Start of Input

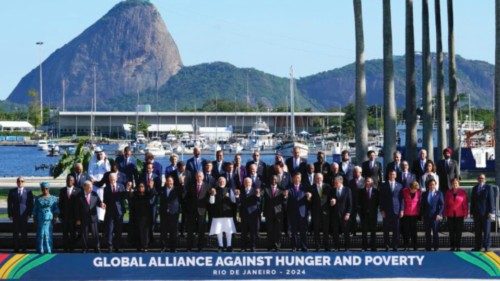 G20 leaders take part in a Family Photo at the G20 Summit in Rio de Janeiro, Brazil on Monday, Nov. ...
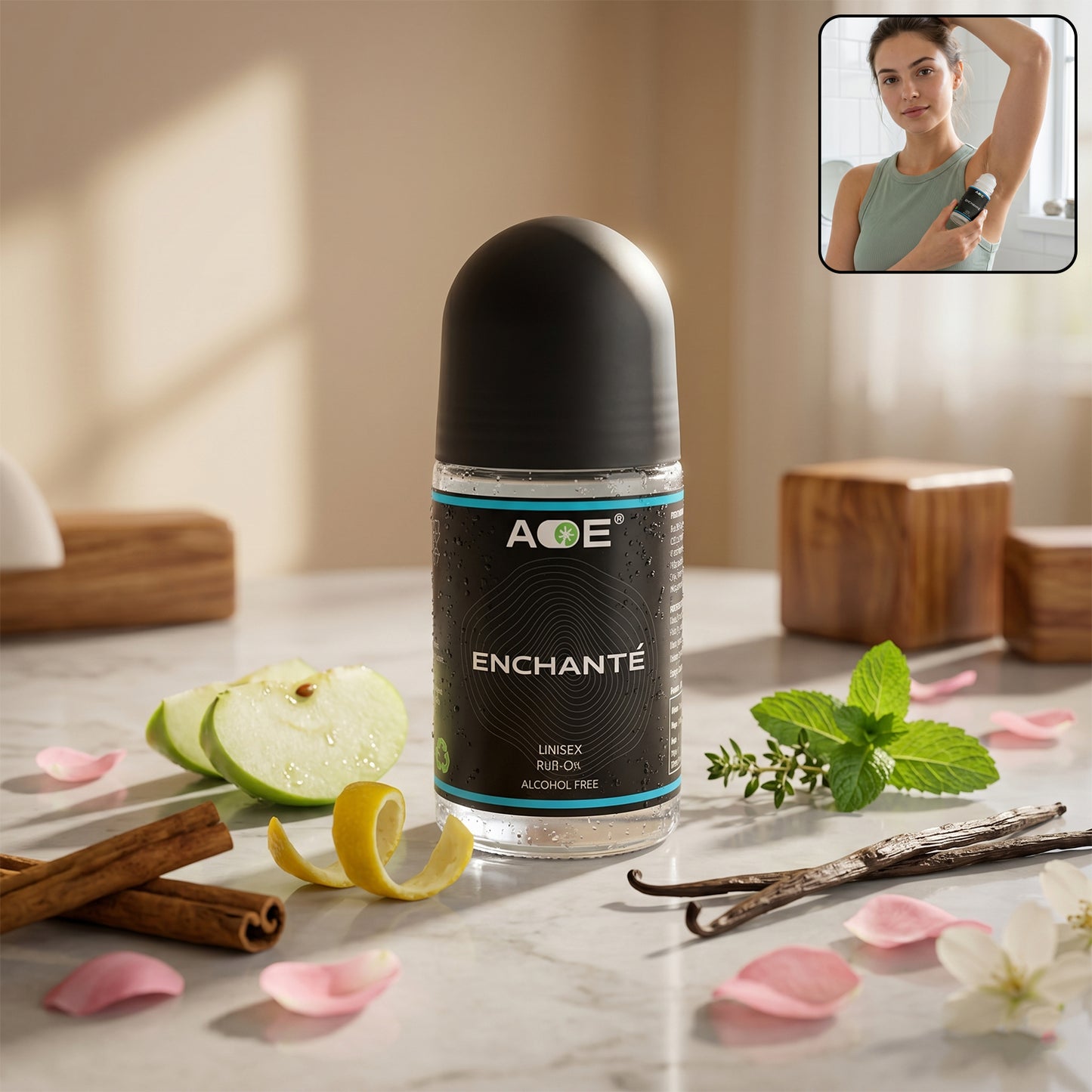 Wukusy Aoe Premium long-lasting unisex roll-on deodorant with blue fragrance, 50ml bottle shown.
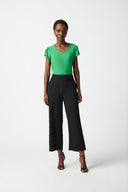 Joseph Ribkoff Black Check Jacquard Wide-Leg Pants Style 241187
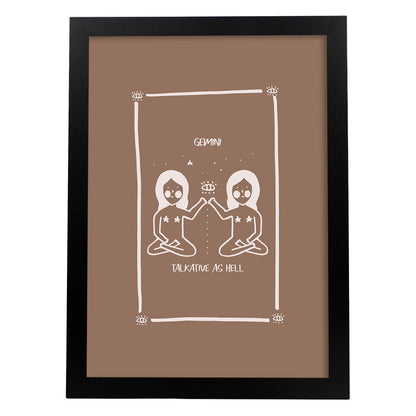 Lámina Géminis. Pósters con ilustraciones femeninas de los signos del zodíaco.-Artwork-Nacnic-A4-Marco Negro-Nacnic Estudio SL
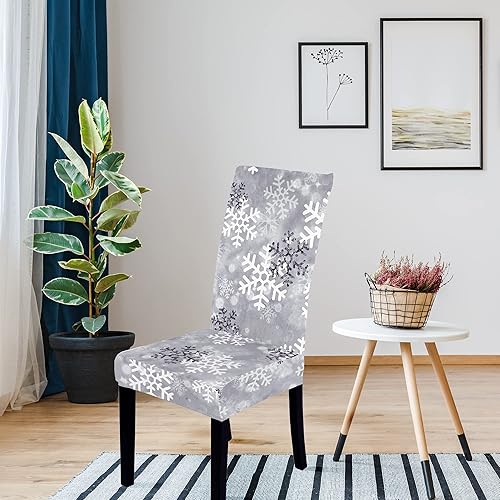 Miniatura 5 de Muuyi Juego de 8 fundas elásticas para sillas de comedor de Navidad, fundas protectoras lavables para hotel, comedor, ceremonia, banquete, fiesta de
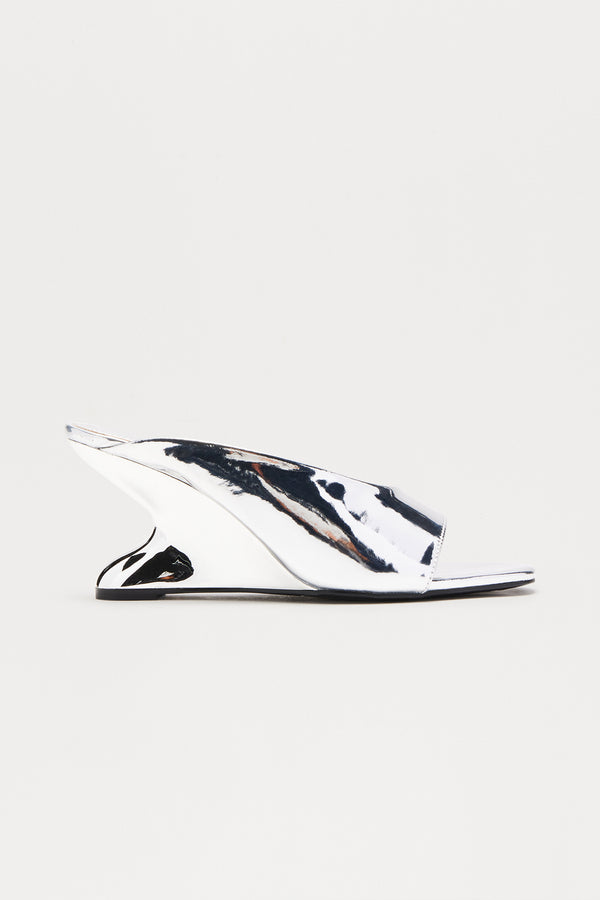 Fashion Nova Curve Faux Patent Wedges - Silver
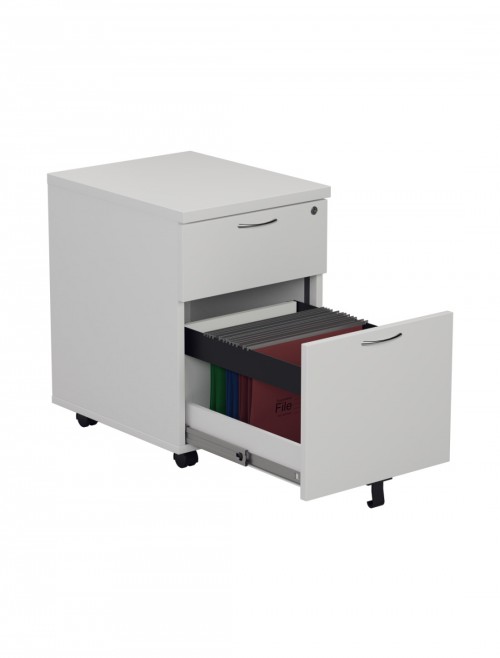 Office Storage White 2 Drawer Mobile Pedestal TESMP2WH by TC - enlarged view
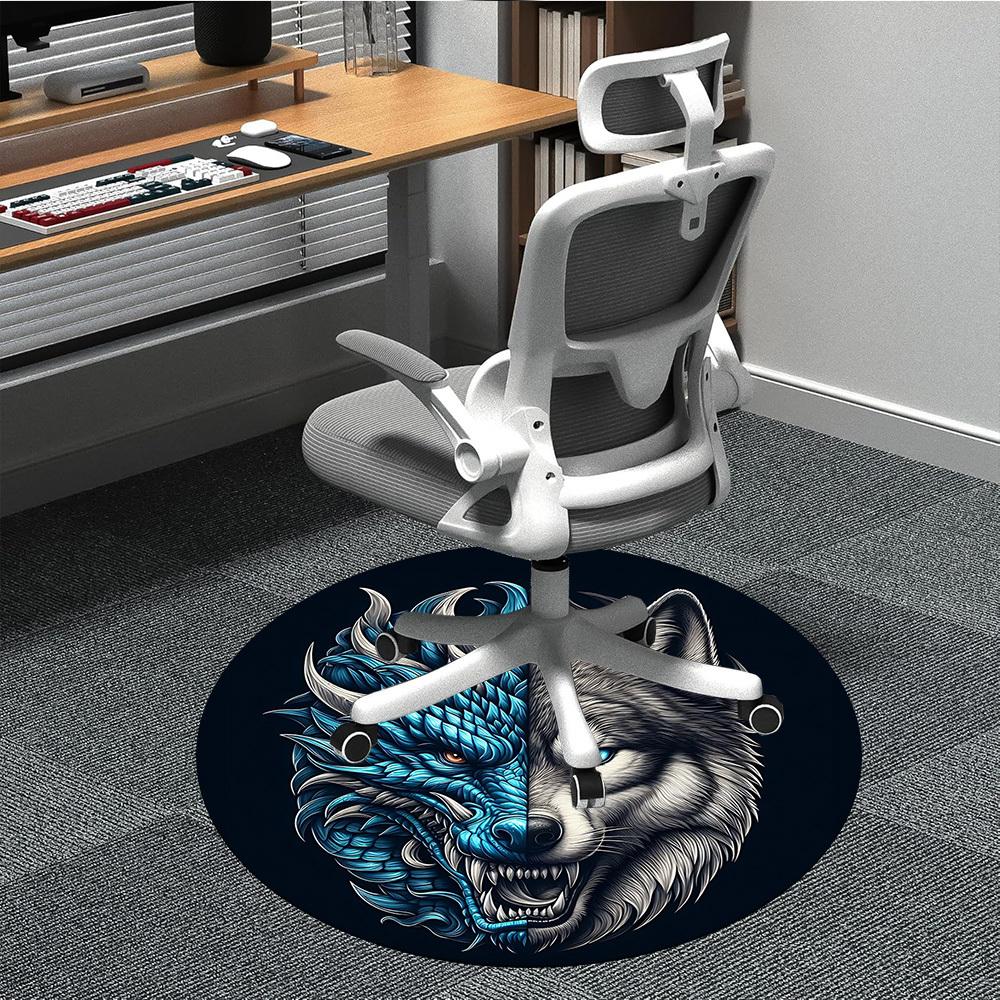 1pc Wolf Dragon Face Chair Carpet for Office, Round Non Slip Durable Large Size Office Carpet, Suitable for Office 80cm
1pc Wolf Dragon Face Chair Carpet for Office, Round Non Slip Durable Large Size Office Carpet, Suitable for Office 80cm
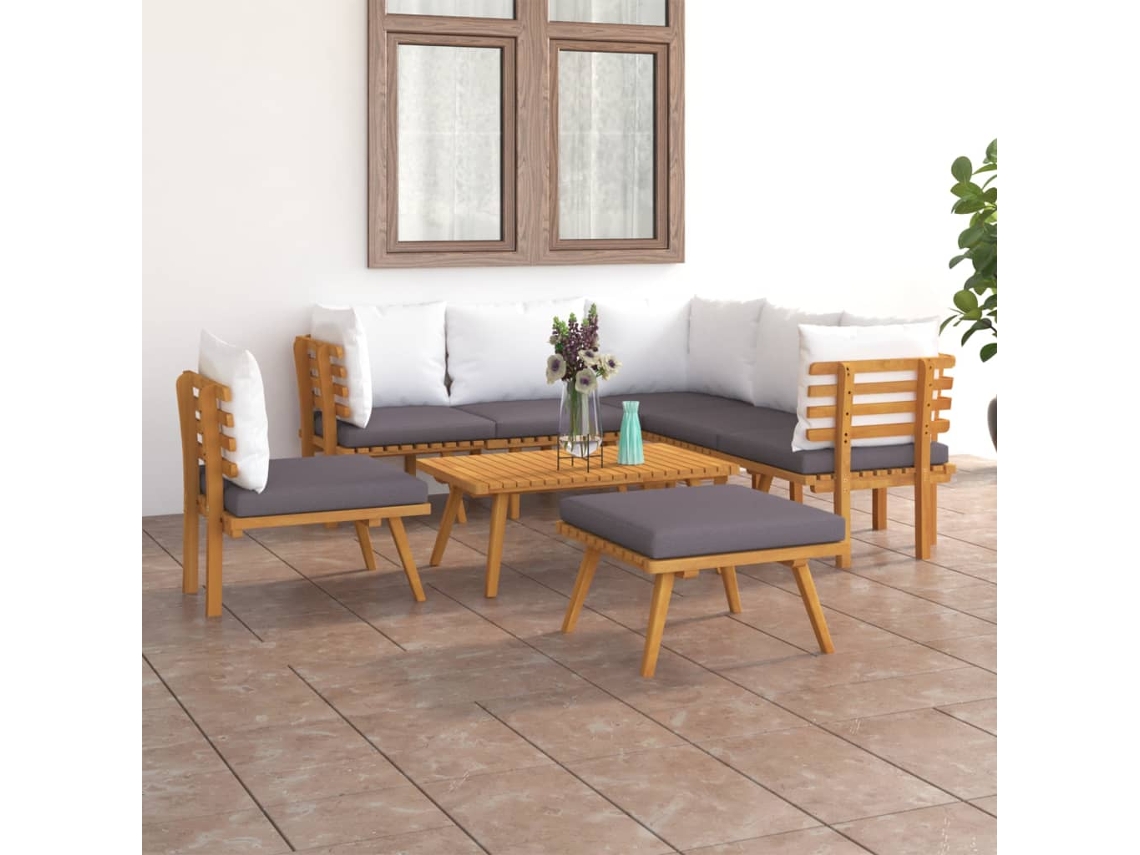Conjunto de salón de jardín de 8 piezas con cojines de madera maciza de acacia, Dkd Home Decor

End of Input

◆ What the task requires: Give the entries above again word for word, without the pictures.

◆ Result of the task:
 G20 leaders take part in a Family Photo at the G20 Summit in Rio de Janeiro, Brazil on Monday, Nov. ...
 Wukusy Aoe Premium long-lasting unisex roll-on deodorant with blue fragrance, 50ml bottle shown.
 Joseph Ribkoff Black Check Jacquard Wide-Leg Pants Style 241187
 Lámina Géminis. Pósters con ilustraciones femeninas de los signos del zodíaco.-Artwork-Nacnic-A4-Marco Negro-Nacnic Estudio SL
 Miniatura 5 de Muuyi Juego de 8 fundas elásticas para sillas de comedor de Navidad, fundas protectoras lavables para hotel, comedor, ceremonia, banquete, fiesta de
 Fashion Nova Curve Faux Patent Wedges - Silver
 Office Storage White 2 Drawer Mobile Pedestal TESMP2WH by TC - enlarged view
 1pc Wolf Dragon Face Chair Carpet for Office, Round Non Slip Durable Large Size Office Carpet, Suitable for Office 80cm
1pc Wolf Dragon Face Chair Carpet for Office, Round Non Slip Durable Large Size Office Carpet, Suitable for Office 80cm
Conjunto de salón de jardín de 8 piezas con cojines de madera maciza de acacia, Dkd Home Decor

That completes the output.